Jack also had unique physical features, such as wide-set eyes and a small chin, small head.
Learning new things was challenging for Jack, and it took him longer than other kids to sit up, crawl, and speak.
He also encountered health struggles, occasionally experiencing issues with his heart or stomach.
Jack’s doctors diagnosed him with Cri du Chat syndrome.
After returning home, Jack searched for information about this syndrome and documented what he learned in his diary.
I decided to share some excerpts from his diary with all of you because it’s genuinely interesting.
Cri du Chat S Y N D R O M E,
“cry of the cat” IN FRENCH — RARE GENETIC DISORDER
You know how our bodies are made up of lots of tiny things called cells, right?
Inside these cells, there’s a nucleus, and it contains things called chromosomes.

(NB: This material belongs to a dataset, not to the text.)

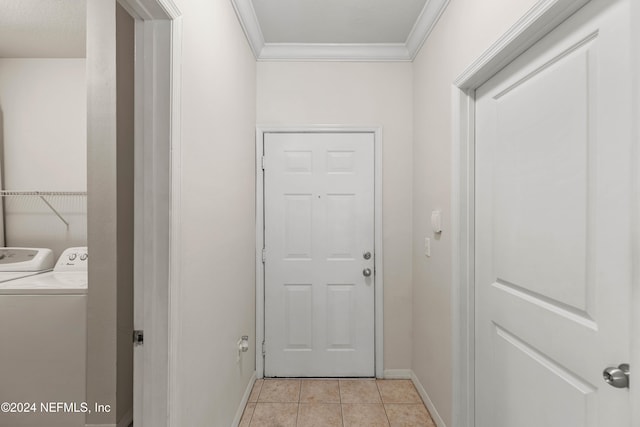 doorway featuring crown molding, washing machine and dryer, and light tile patterned floors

These chromosomes are like instruction manuals for our bodies, carrying our genes. Think of them as guides that tell our bodies how to grow and work properly.
There are total 23 pair of choromosomes in our body.
If you want to understand it more then first read this.
Well, sometimes, in one of these chromosomes, number 5 to be specific, a part of it can go missing or get messed up when a baby is forming inside their mom.
M I S S I N G??
A chromosome can go missing due to a genetic event called a deletion.
DELETION
Chromosomes are like instruction manuals made up of DNA, and they contain genes that provide the body with instructions for growth, development, and function.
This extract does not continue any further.